The acquired fMRI data were analyzed with BrainVoyager QX (BV QX) software (Brain Innovation, Maastricht, The Netherlands). Preprocessing included 3-D motion correction, high-pass filtering and linear trend removal, and slice scan-time correction. Gaussian spatial smoothing (full-width half-maximum, 6 mm) was used in experiment 1, whereas no spatial smoothing was applied in experiment 2 to avoid any smearing affecting distinction between activations in the anterior and posterior banks of the central sulcus that is between the MI and SI cortices. All fMRI data were normalized to Talairach space (Talairach and Tournaux, 1988), in which all of the additional statistical analyses were performed.
The data were analyzed using general linear model. In experiment 1, the model was obtained by overlaying the hemodynamic response function (Boynton et al., 1996) onto the boxcar functions of the time courses of the tactile stimulations. The conclusions were based on random-effects analysis of the whole subject group. False discovery rate (Genovese et al., 2002) at the level of <0.05 was used to threshold group statistical maps.
In experiment 2, activity in the SI–MI cortex was further explored by applying a mask that was based on the right SI–MI deactivation cluster observed in experiment 1. The cluster edges were extended stepwise in all directions by 11 voxels, each 1 × 1 × 1 mm3 in size, and the mask for the left hemisphere was created by mirroring the right-hemisphere mask. The mask covered both the anterior and the posterior banks of the central sulcus in both hemispheres and in each subject.

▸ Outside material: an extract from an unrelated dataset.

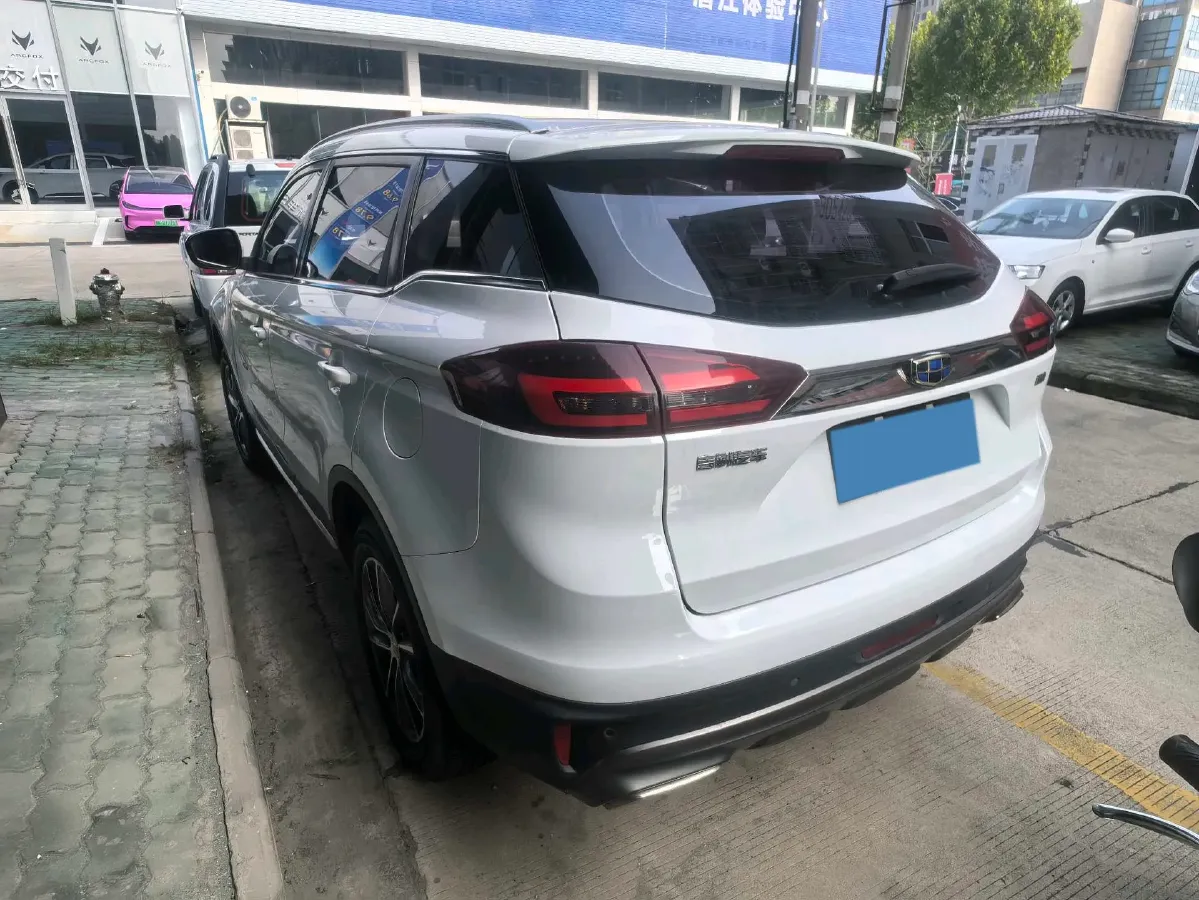 2020 Geely Azkarra 1.8T 184HP L4 7DCT,autocango,china used car exporter,china ev exporter,chinese used car exporter,chinese used ev exporter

The blood oxygenation level-dependent (BOLD) responses observed in experiment 1 had different time courses: the positive BOLD response outlasted the whole stimulation block, whereas the negative BOLD response was phasic and returned to the baseline level already during the stimulation block. Therefore, for optimal detection of the BOLD responses, different hemodynamic functions were used to model these two responses in experiment 2 (see Fig. 2C). The default hemodynamic response function in BV QX (Boynton et al., 1996) was used to model tonic, long-lasting responses, whereas a custom-built model, based on the mean time course of the deactivation cluster in the ipsilateral rolandic cortex (see Fig. 2B), was used to model phasic responses.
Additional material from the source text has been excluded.